Loved the videos! Looking forward to the video of your snowflake eating. Tomorrow at this time, right?? ;-)


----------



## baldiemac (Jan 24, 2011)

maybe, he has got to be hungry but i dont think there is any worries about that he is always hungry, glad you like the videos


----------



## LisaC144 (Oct 22, 2009)

You have a lot to be proud of. Your tank is amazing!!


----------



## baldiemac (Jan 24, 2011)

thanks, really appreciate your comments, it is hard work but sharing with everyone else helps motivate me,


----------



## Romad (Jun 28, 2009)

Love that eel! How old is he/she? 

:thumbsup: :thumbsup:


----------



## baldiemac (Jan 24, 2011)

i have only had the eel for 4 months, she was half the size but she is very active, when I first got her I was told that she will eat until she is full and that I would probably have to hand feed near her hiding hole I then would not see her until she was hungry again, I did that to start then decided that maybe she would hunt for food if she was hungry, well she is always out and as you can see well fed, she will take dillies and krill but she also takes pellets (formula one and two), I was amazed when she took those, hopefully tomorrow I will get some footage of her feeding and post for all to enjoy


----------



## Romad (Jun 28, 2009)

Looking forwared to seeing that. I could sit in front of your tank for hours just watching snowflake


----------



## baldiemac (Jan 24, 2011)

I do..lol


----------



## LisaC144 (Oct 22, 2009)

Thank you for sharing the video of your eel eating. It was really cool!! No wonder he grew so big.

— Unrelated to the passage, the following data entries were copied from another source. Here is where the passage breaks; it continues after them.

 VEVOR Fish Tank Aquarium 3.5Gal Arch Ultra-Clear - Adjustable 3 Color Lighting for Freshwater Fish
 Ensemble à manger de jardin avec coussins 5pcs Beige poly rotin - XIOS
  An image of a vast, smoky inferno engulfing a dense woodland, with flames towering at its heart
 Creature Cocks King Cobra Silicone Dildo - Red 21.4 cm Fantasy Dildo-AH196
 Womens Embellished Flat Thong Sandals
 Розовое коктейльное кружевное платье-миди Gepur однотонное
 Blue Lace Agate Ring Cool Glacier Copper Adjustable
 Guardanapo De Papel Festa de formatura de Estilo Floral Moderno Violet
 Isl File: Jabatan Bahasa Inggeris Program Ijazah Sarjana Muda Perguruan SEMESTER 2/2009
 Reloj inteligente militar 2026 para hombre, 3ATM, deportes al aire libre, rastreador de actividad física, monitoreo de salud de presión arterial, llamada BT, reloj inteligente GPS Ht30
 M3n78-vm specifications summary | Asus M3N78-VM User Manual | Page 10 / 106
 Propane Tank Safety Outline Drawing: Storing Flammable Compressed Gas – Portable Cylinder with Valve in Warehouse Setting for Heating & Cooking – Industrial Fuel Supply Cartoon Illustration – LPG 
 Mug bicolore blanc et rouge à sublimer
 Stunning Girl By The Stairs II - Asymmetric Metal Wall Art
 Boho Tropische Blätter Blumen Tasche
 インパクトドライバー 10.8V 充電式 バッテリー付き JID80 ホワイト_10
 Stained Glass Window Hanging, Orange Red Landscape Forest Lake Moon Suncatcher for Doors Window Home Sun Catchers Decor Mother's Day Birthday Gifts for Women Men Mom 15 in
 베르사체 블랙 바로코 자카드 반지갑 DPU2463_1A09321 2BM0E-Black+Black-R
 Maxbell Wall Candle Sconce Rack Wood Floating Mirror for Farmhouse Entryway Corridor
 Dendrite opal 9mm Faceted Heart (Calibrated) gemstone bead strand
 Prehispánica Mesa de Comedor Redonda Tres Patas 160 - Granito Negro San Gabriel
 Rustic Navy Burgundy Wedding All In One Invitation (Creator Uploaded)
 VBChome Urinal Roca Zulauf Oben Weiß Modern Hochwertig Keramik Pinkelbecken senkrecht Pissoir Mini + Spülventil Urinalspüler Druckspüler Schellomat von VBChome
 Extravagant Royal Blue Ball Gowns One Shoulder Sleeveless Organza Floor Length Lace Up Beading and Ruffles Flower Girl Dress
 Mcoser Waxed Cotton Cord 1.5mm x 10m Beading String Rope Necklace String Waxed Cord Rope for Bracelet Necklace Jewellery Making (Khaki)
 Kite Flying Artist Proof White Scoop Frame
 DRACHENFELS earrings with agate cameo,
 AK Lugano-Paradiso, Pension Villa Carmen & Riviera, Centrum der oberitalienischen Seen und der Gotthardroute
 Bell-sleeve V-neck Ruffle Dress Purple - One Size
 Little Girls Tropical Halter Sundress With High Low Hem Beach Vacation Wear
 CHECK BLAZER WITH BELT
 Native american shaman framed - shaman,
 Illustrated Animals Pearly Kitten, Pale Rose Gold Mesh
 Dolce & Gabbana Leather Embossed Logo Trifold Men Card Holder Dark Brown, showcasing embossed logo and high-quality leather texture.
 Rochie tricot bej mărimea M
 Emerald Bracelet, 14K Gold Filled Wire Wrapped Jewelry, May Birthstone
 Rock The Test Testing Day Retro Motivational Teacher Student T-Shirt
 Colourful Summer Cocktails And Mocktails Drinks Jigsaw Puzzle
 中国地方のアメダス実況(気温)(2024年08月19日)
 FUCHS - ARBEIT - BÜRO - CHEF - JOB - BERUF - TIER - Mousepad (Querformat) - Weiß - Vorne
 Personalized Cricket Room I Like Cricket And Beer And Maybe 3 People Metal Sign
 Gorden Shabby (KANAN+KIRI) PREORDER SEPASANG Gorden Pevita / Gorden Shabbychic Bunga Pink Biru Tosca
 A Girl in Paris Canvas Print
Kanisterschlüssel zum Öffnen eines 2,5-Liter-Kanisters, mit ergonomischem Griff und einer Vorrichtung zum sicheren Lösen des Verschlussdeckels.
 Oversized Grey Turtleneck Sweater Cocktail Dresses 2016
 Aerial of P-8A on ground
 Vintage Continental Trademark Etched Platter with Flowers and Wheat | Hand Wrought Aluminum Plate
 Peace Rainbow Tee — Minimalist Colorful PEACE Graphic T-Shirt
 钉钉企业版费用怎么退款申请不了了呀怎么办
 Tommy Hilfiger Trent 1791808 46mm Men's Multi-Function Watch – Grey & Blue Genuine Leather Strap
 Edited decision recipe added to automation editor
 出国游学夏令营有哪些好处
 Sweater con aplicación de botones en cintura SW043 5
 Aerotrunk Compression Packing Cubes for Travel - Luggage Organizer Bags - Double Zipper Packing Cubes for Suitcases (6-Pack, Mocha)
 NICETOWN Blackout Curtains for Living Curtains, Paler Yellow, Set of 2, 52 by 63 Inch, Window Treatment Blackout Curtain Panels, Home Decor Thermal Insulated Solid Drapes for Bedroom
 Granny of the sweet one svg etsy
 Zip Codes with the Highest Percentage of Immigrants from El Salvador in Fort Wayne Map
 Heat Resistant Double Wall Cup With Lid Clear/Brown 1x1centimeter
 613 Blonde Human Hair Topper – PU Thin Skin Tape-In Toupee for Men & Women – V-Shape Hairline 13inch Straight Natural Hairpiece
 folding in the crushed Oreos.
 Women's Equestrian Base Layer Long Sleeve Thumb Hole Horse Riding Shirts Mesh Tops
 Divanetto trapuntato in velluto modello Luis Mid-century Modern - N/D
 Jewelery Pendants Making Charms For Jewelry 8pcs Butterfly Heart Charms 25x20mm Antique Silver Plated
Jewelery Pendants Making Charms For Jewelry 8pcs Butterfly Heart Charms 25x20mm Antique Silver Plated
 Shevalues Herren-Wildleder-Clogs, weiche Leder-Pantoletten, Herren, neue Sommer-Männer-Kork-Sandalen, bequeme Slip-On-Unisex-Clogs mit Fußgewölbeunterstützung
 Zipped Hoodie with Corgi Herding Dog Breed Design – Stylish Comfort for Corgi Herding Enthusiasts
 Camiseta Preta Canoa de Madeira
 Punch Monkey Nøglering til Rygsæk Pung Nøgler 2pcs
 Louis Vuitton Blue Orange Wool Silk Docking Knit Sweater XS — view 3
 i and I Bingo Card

He eats like a monster  I don't know anything about salt water, but would he ever go after your fish if hunry enough?


----------



## baldiemac (Jan 24, 2011)

he would take live fish but mine are all to big apart from the damsel which is too quick for him anyway, he hasn't tried for him yet, if he was hungry enough he might but he is well fed so hopefully he wont


----------